Posted on 01/03/2003 8:56:56 AM PST by Gritty

John Fogle

`I probably won't win." So said a gentleman standing in line to purchase a Powerball ticket in South Carolina recently. And, of course, he was right. Amateur psychologists out there will recognize that he wanted someone to assure him that he had some chance to win, but it's the word "probably" that caught my attention.

First, a little background on determining odds. To learn how to figure odds, it is helpful to look at standard dice. If one rolls one half of a pair of dice, that is, one die, then there are six total possibilities, one through six, and the odds of rolling a one are 1-in-6. The odds of rolling a four, or any other number, are exactly the same: 1-in-6. Now, for our first quiz, if you roll both dice, the odds of rolling two ones is (a) 1-in-3, (b) 1-in-12, or (c) 1-in-36. The answer is 1-in-36 -- that is, the odds for each individual die are multiplied by each other, or 1-in-6 x 1-in-6 = 1-in-36.

Powerball is played in multiple states, including South Carolina, and a player selects five numbers ranging from 1 to 53 plus a "Powerball" number from 1 to 42. To calculate the odds of winning, all one needs to know is the total number of combinations and the number of winning combinations. In Powerball, the first five balls are drawn from one barrel, and the order that the numbers are drawn is immaterial. So, drawing 3, 44, 12, 52 and 18 is the same as drawing 3, 12, 18, 44 and 52. After that, the Powerball is drawn from another barrel with 42 balls.

With this in mind, we can calculate the odds as follows.
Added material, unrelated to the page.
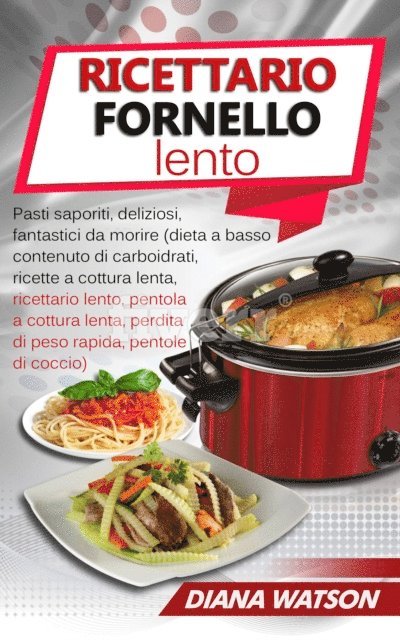 Diana Watson - Ricettario Fornello Lento, E-bok. Tillgänglighet: Lägg i varukorg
On the first draw, there are 53 possibilities, and five possible matches; on the second there are 52 balls left, with four matches, and so on. The odds on the Powerball are 1 in 42. So, the jackpot odds compute to 5-in-53 x 4-in-52 x 3-in-51 x 2-in-50 x 1-in-49 x 1-in-42 -- or 1-in-120,526,770.

So, what does this have to do with politics? Most people are familiar with Hillary Clinton's spectacular performance in the commodities market, where she parlayed \$1,000 into \$100,000 and then walked away -- never to try her hand in commodities again. Let's look at the odds of someone actually doing what she said she did.

Looking at the overall picture, ignoring brokerage fees and assuming that all of the money is left completely invested, the odds of such a result would be 1-in-100 -- which is not all that unreasonable. But, that is not what happened. Every time Ms. Clinton had a significant gain, she withdrew most of the capital, thereby relying on an incredible and improbable streak of "wins."

Again, using dice, suppose I bet \$1,000 on the roll of a single die, selecting one number with a payback of 6-to-1. Now, if I win, I bet the whole \$6,000 on another roll, then \$36,000 on another roll. My odds of hitting three in a row are 6 x 6 x 6, or one-in-216, with a final payback of \$216,000. But, if, after each roll I withdraw a significant part of my winnings, I would have to win a string of eight or 10 times just to get to the same point.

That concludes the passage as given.